The International Financial Reporting Standard (IFRS) 9, the new accounting principle for financial instruments, has several implications on banks. IFRS 9 specifies how an entity should classify and measure financial assets, financial liabilities, and some contracts to buy or sell non-financial items. In other words, IFRS 9 is being implemented through three stages; Classification & measurement of financial instruments, impairment of financial assets and hedge accounting. With that in mind, here are three strategic actions banks have to take to be ready for IFRS 9.
- Adjusting their portfolio strategy
IFRS 9 require banks to review and adjust their portfolio strategy to prevent an increase in P&L volatility. For example, banks need to review their allocation of lending to economic sectors and be more sensitive towards the economic cycle. IFRS 9 will also impact the duration of transactions as impairments of financial assets are now based on lifetime ECL (the expected credit losses resulting from all possible default events over the expected life of the financial instrument) and will therefore require higher loan-loss provisions. Banks are also advised to introduce collateral guarantees to lessen the increase in provisions for loss under IFRS 9.
- Change in risk appetite
Banks must reconsider their credit risk and overall risk appetite framework (RAF). In light of IFRS 9, banks should introduce mechanisms to discourage credit origination for clients, sectors, and durations that appear too risky and expensive.

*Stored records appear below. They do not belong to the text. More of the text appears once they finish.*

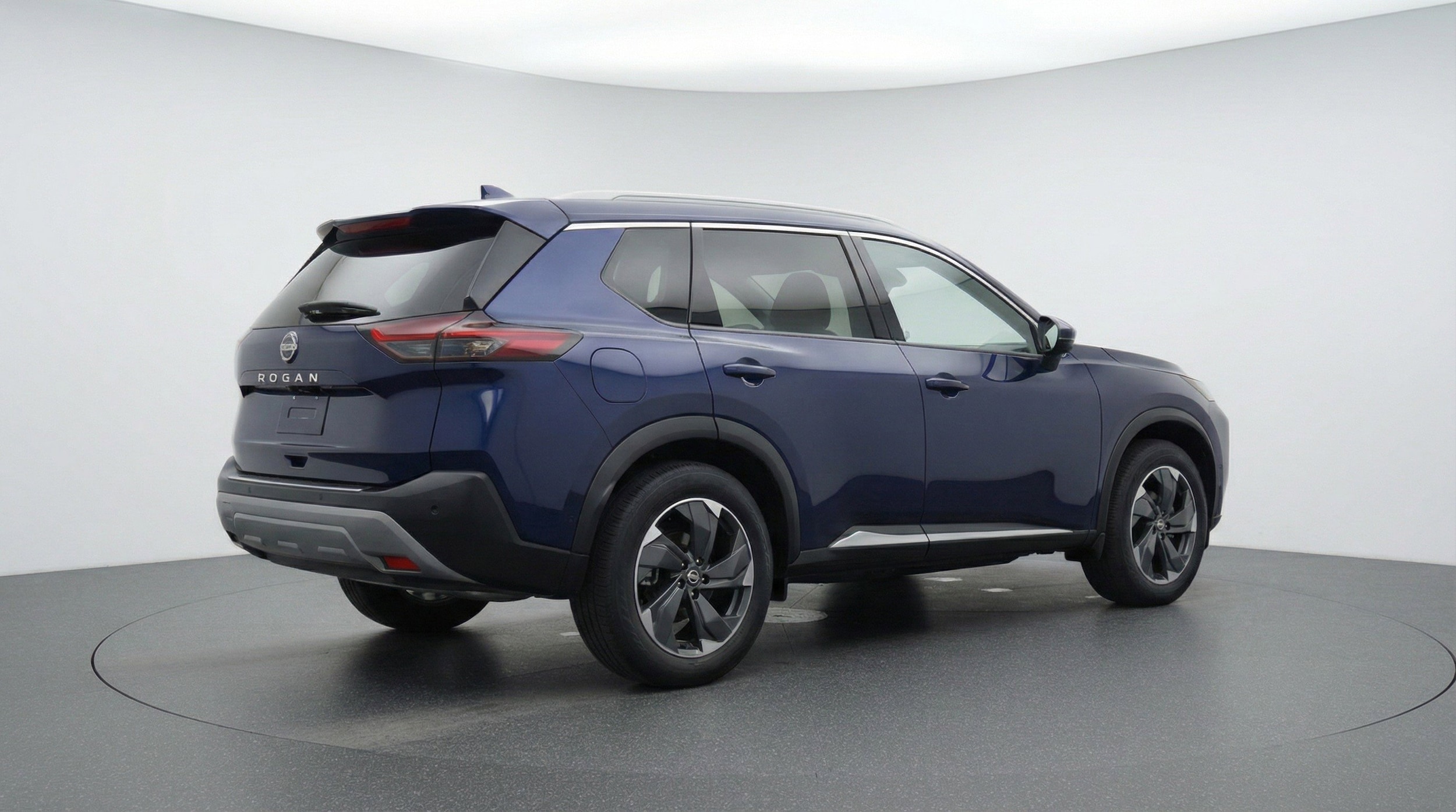 Thumbnail: 2025 Nissan Rogue - 9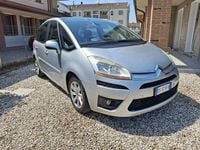 Usata Citroën C4 Picasso 109 CV (80 kW) 2008 Grigio Monovolume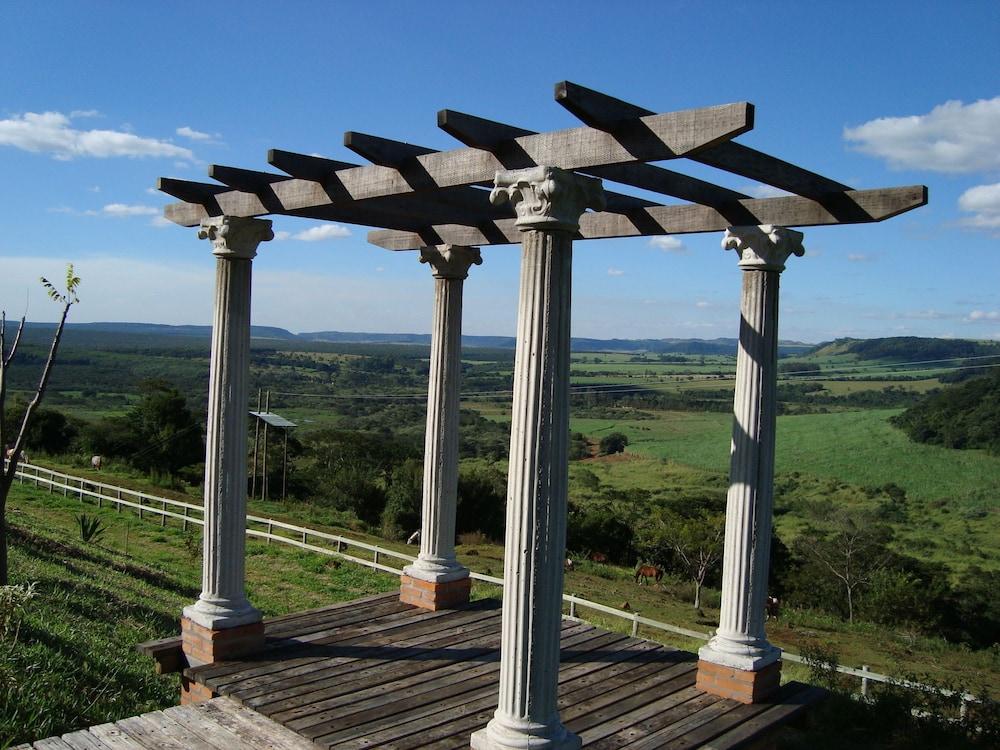 Hotel Mosteiro Brotas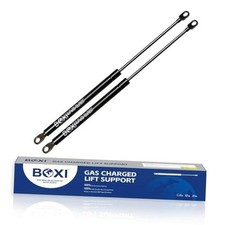 Qty 2 4673 Universal Lift Supports Struts Shocks Extended Length: 10.00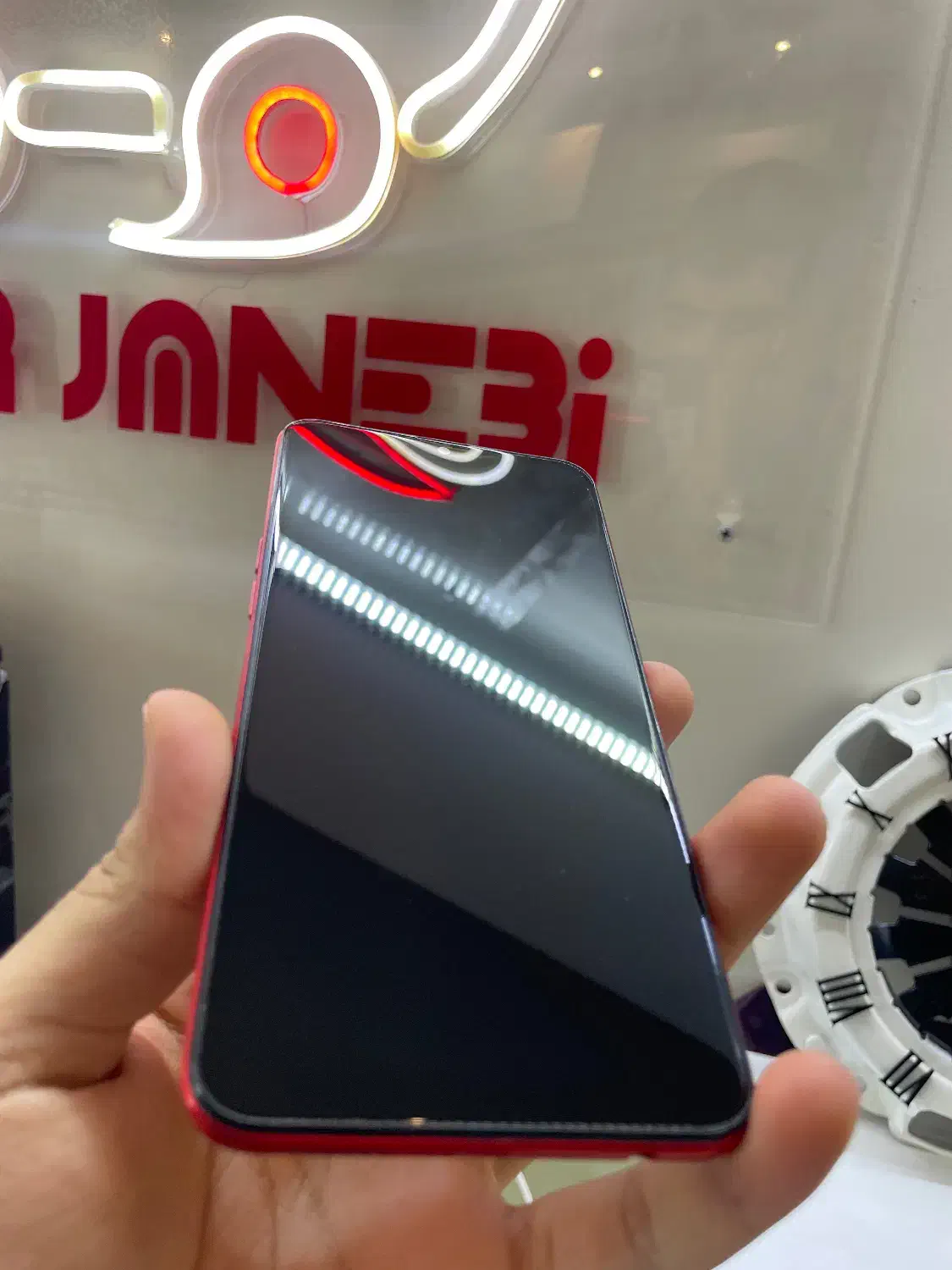 Galaxy A10s|موبایل|اصفهان, وحید|دیوار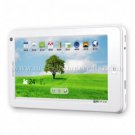 P76TI 8G 7 inch capacitive screen tablet PC camera HDMI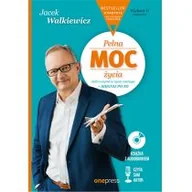 Psychologia - Pełna MOC życia - Jacek Walkiewicz - miniaturka - grafika 1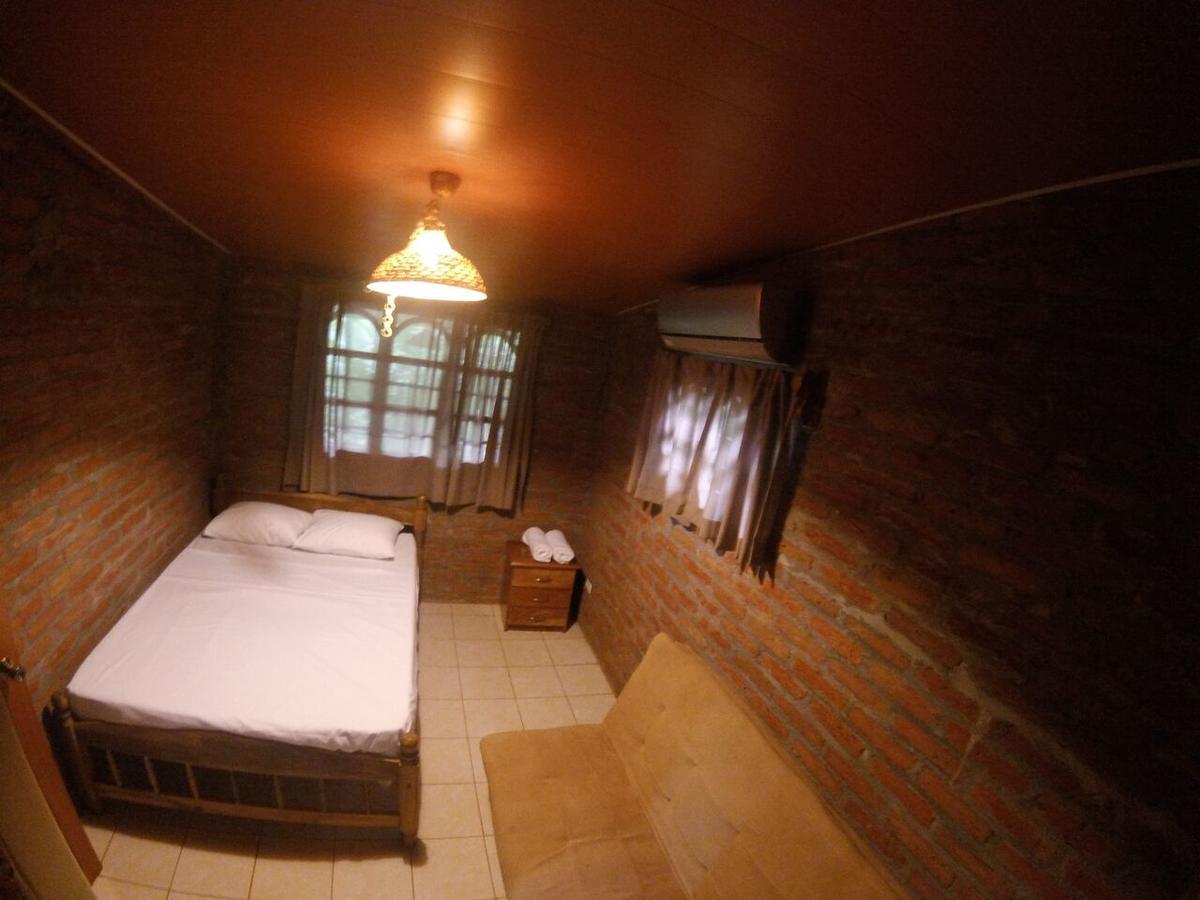 Hotel Congos Merida Екстер'єр фото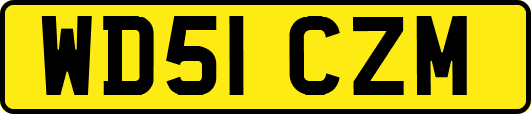 WD51CZM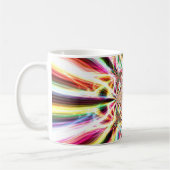 Mug Puce de lumière (Gauche)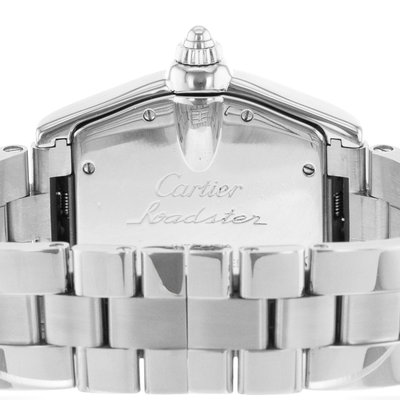 Cartier Roadster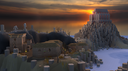 Old School RuneScape Discord Server Banner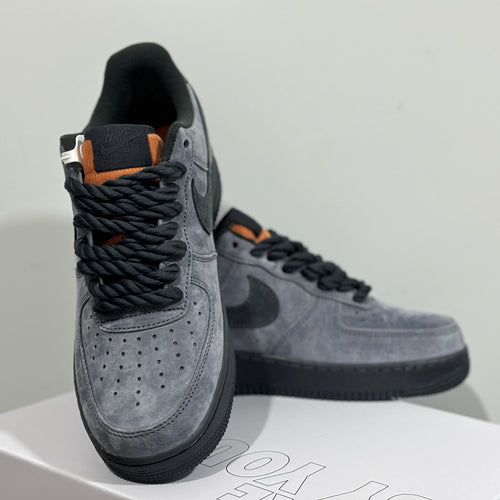 AIRFORCE 1 '07 LV8 "GREY"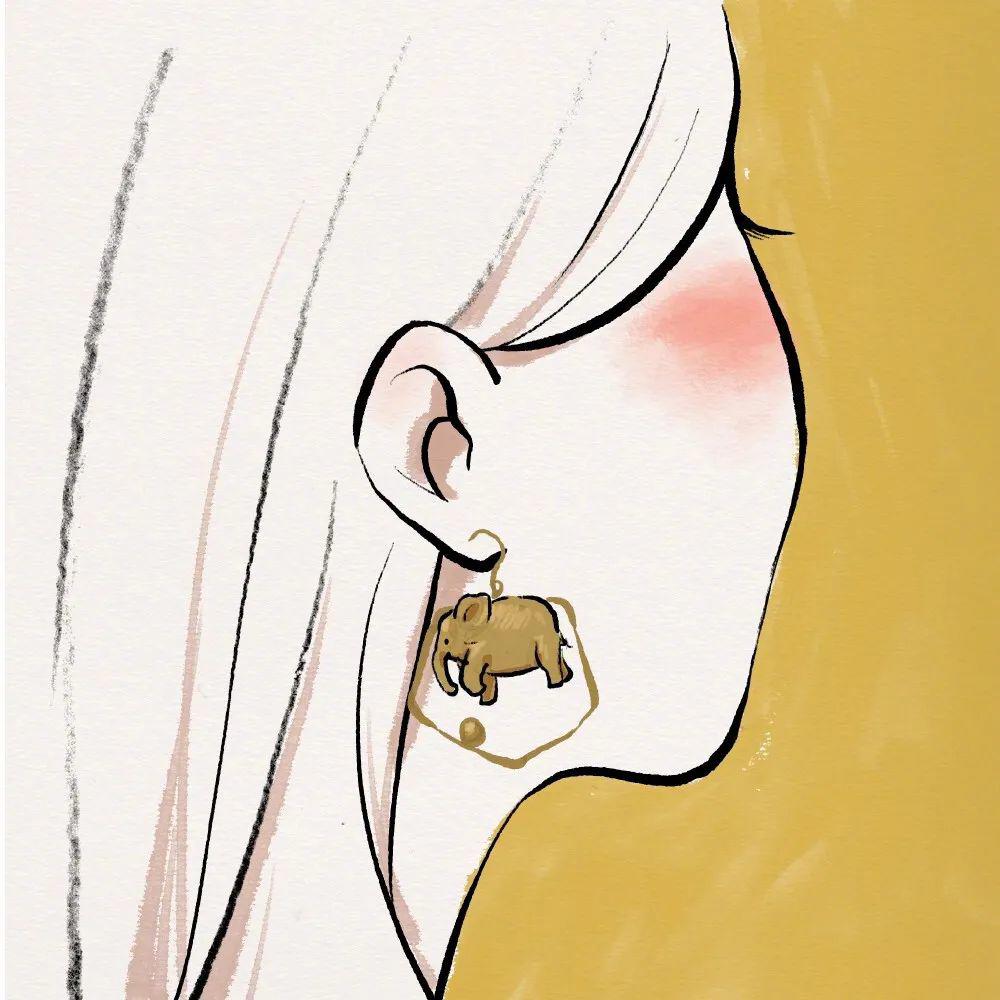 头像丨超级好看不易撞的动漫头像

- Provide appropriate training
As banks are required to provide for fully performing loans that migrate to the second stage of IFRS 9, relationship managers will now take on a new role of being tasked to monitor loans at risk of deterioration and propose mitigation actions. Hence, they need to be trained in new skills such as financial restructuring, workout, and capital management to help them deal with assets effectively.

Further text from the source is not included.